Fuentes de La Moncloa aseguraron que el Gobierno tiene «máximo interés» en mantener la unidad de los partidos demócratas frente al terrorismo, «como ha sucedido siempre, con sus altos y bajos». De momento, Rajoy quiere consolidar la unidad de forma directa con Sánchez y Rivera. La convocatoria del Pacto antiterrorista, que el Gobierno tiene prevista para los próximos días, será una primera señal de que los partidos constitucionalistas siguen unidos. Rajoy quiere zanjar así cualquier duda sobre una supuesta «contrapartida» a la banda por su disolución, como podría ser un acercamiento generalizado de presos. Desde La Moncloa se ha advertido de que la banda no obtendrá «nada» tras su último comunicado.

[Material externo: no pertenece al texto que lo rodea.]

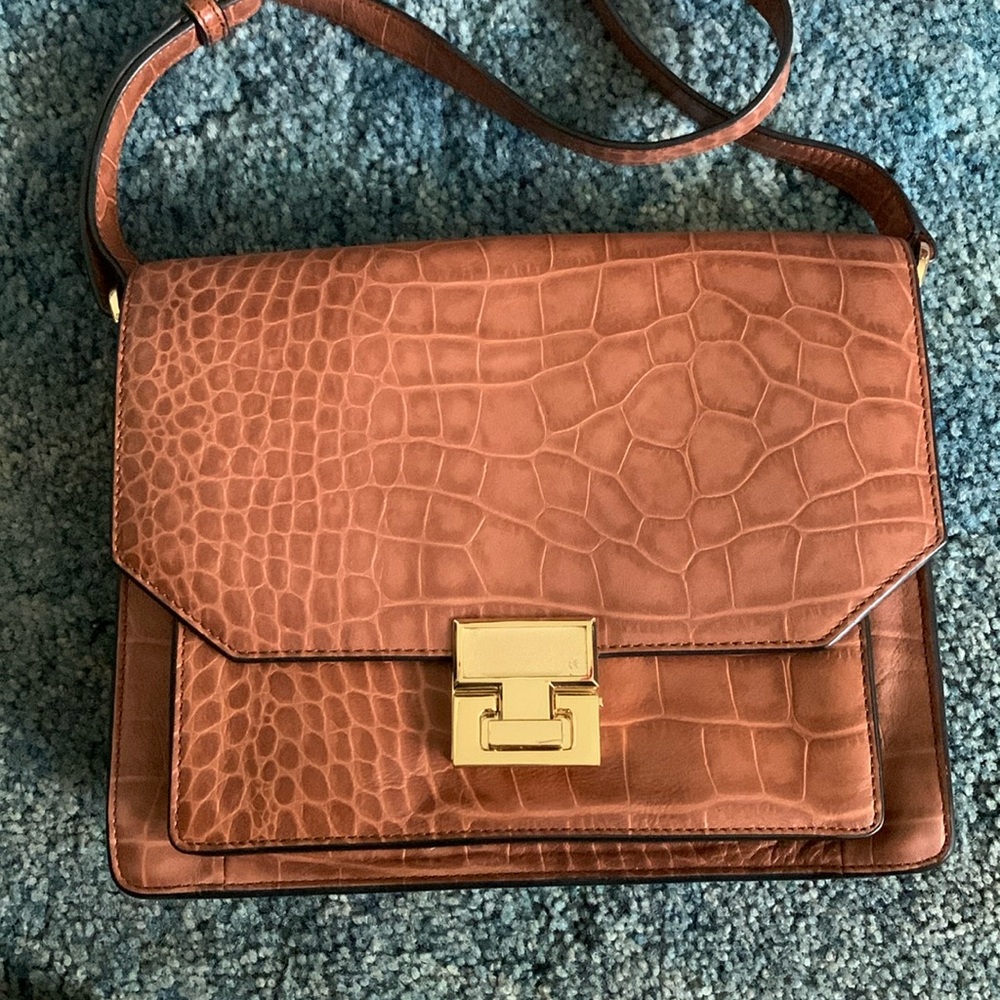 Ivanka Trump purse with pockets. Very clean. Comes with strap.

La disolución de ETA ha servido así para que Rajoy y Sánchez retomen la comunicación perdida. En los últimos meses, Rajoy se sintió «decepcionado» cuando comprobó el «nulo interés» de Sánchez por alcanzar pactos de Estado que el Gobierno considera fundamentales, como el de las pensiones o el de Educación, según fuentes de La Moncloa. La falta de disposición del líder socialista para avanzar en la reforma de la financiación autonómica les separó más aún.

Pactos estratégicos

Fuentes parlamentarias explican que los pactos de Estado tienen, además, un interés político estratégico para el PP y el PSOE, ya que enviarían un mensaje de Estado y responsabilidad frente a la posición «amateur» de otros partidos, como Ciudadanos. De ahí la frustración añadida en La Moncloa, al creer que al PSOE le mueve más el desgaste total del presidente.

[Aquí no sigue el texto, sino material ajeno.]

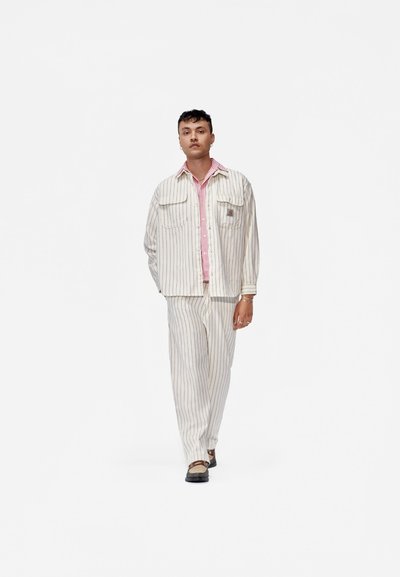 Conjunto de dos piezas a rayas beige que incluye una camisa de botones con cuello rosa y pantalones a juego, fabricado en tela ligera.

Rajoy y Sánchez nunca se han gustado. Su relación siempre ha estado presidida por la distancia. Tras la reelección del secretario general del PSOE ambos tardaron días en hablar, con lo que parecían anticipar la ruptura total de relaciones entre ambos. No fue así. La situación en Cataluña les unió por necesidad.

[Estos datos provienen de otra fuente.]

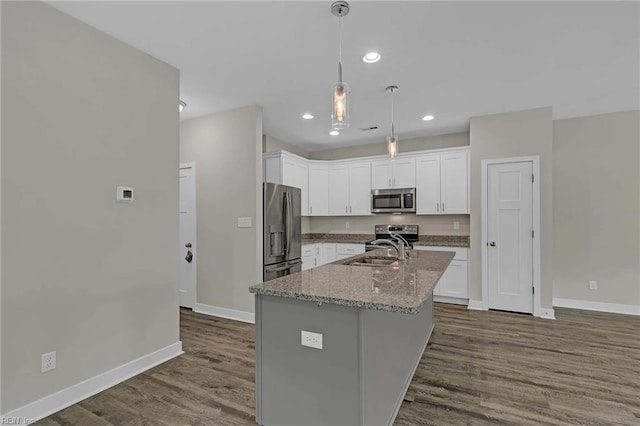 101 Daybeacon St, Yorktown, VA 23692 - kitchen with appliances with stainless steel finishes, a sink, baseboards, white cabinetry, and dark wood finished floors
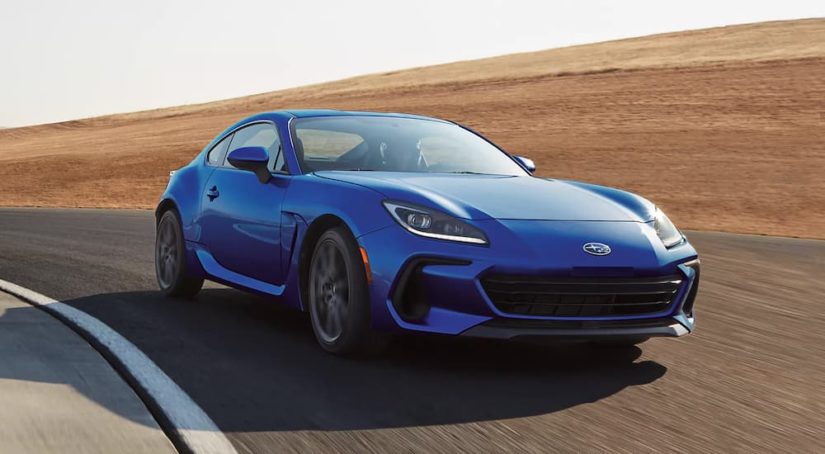 A blue 2023 Subaru BRZ Limited is shown rounding a race track.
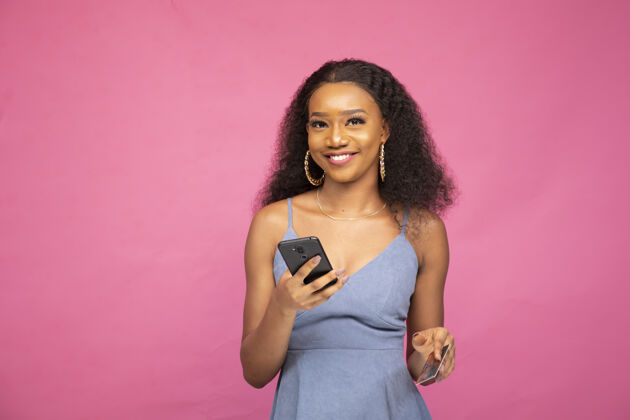 支付年轻的非洲女性使用智能手机和信用卡在线购物支付信贷移动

En su primer encuentro tras la reelección de Sánchez sorprendieron a sus propios equipos al reunirse durante dos horas y media en el Palacio de la Moncloa. Tras el encuentro se destacó su coincidencia «sustancial» en lo que tenía que ver con Cataluña. Era solo el preludio de las negociaciones para aplicar el artículo 155 de la Constitución. Conscientes de la excepcionalidad del momento ambos líderes salvaron sus diferencias y alcanzaron un nivel de sintonía y comunicación fluida que nadie habría podido imaginar tiempo atrás.

Sin embargo, la confianza no fue absoluta en Cataluña, y la frialdad volvió a ganar espacio en la relación. El detonante de este distanciamiento fue la estrategia respecto a Puigdemont. En Ferraz aseguran que las explicaciones que les daba en privado el Gobierno eran las mismas que trasladaron a la prensa: que la captura de Puigdemont se iba a producir en suelo alemán por las certezas de que Alemania facilitaría la extradición de Puigdemont en los términos análogos a los del delito de rebelión.

Ese día el líder del PSOE ya manifestó públicamente su malestar por esta cuestión. Aunque a la vez dejaba claro que no rompería de forma abrupta con el Gobierno en lo que respecta a Cataluña: «En todo caso, nosotros seguimos apoyando al Estado».

Desde el entorno del secretario general del PSOE se asegura que la última vez que se vieron fue en la cena en el Palacio Real con motivo de la visita de Estado del presidente de la República de Portugal.

Otro exponente del distanciamiento fue la propuesta española para el fortalecimiento de la Unión Económica y Monetaria, sobre lo que Sánchez pidió a Rajoy un consenso, sin éxito.